Kerala Might Be India’s Most Underrated GCC Location

Why Smart Firms Are Rethinking Where They Build in India

Hi everyone,    

Most firms don’t struggle to find talent. They struggle to keep it. 

In every conversation I have with accounting and professional service firms building teams in India, the story is the same.  

Hiring starts well in cities like Bengaluru, Mumbai, or Gurgaon. The pipeline looks strong. But within months, churn creeps in, and managers spend more time replacing talent than building capability. What should have been a scale advantage turns into an operational drag. 

The uncomfortable truth is that the problem is not access to talent. It is access to stable, dependable mid-level talent that compounds over time. And that is exactly where most firms are still looking in the wrong places. 
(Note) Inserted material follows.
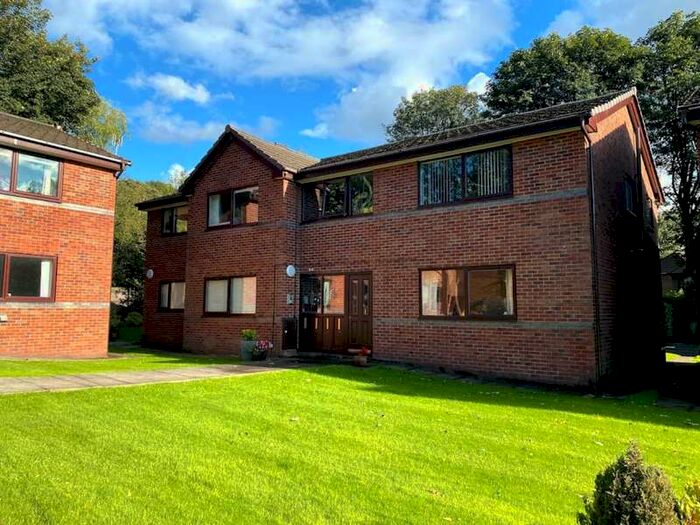 1 Bedroom Apartment To Rent In Glengarth, Uppermill, OL3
Kerala rarely makes the shortlist when firms think about GCC locations. It tends to sit outside the usual Bengaluru, Hyderabad, or Pune conversation. That is a miss. Because if you are solving for talent quality and long-term stability, Kerala is one of the few markets in India that quietly delivers both. 

Today, I bring you 3 unique advantages you get with Kerala as your next GCC destination!  

A Strong, Educated Talent Pool 

Kerala’s biggest advantage is not cost. It is the nature of its talent pool and how it evolves once it is inside your organisation.  

In most metro markets, firms hire quickly but spend months trying to bridge capability gaps. In Kerala, the baseline is different. The education system produces candidates who are not just technically qualified, but also able to understand context, apply judgement and grow into responsibility. 

In fact, Kerala combines the highest literacy rate in India at 96.2% with the top Human Development Index at nearly 0.78, reflecting a workforce that is both highly educated and broadly developed. 

This becomes especially important as your GCC matures. You are not just looking for people who can execute tasks. You need individuals who can take ownership, review work, manage client expectations, and eventually lead teams.  

That progression tends to happen more naturally here, which reduces the need for constant external hiring at the mid and senior levels. 

Here’s how you move ahead: 

  • Hire for depth, not just availability. Kerala produces a steady pipeline of graduates in commerce, finance, engineering, and analytics who are trained to think conceptually, not just execute tasks. 

  • Prioritise English-first communication roles. The state’s high literacy and English proficiency reduces training time for client-facing work and internal collaboration. 

  • Build mid-layer capability early. You will find professionals who can grow into review and management roles faster, which reduces long-term dependency on expat or senior hires. 

 

Lower Attrition, More Stability 

Every time a mid-level employee leaves, the cost is not just in recruitment. It shows up in missed deadlines, inconsistent quality and a growing burden on managers who are forced to step back into execution. 

Nasscom’s regional insights report that Kerala consistently reports lower voluntary attrition in IT and services compared to national metro averages, driven by lower migration pressure and higher local workforce retention. 

Kerala offers a fundamentally different operating environment. The pace of life, lower congestion and more balanced lifestyle contribute to a workforce that is less inclined to switch jobs frequently for marginal gains.  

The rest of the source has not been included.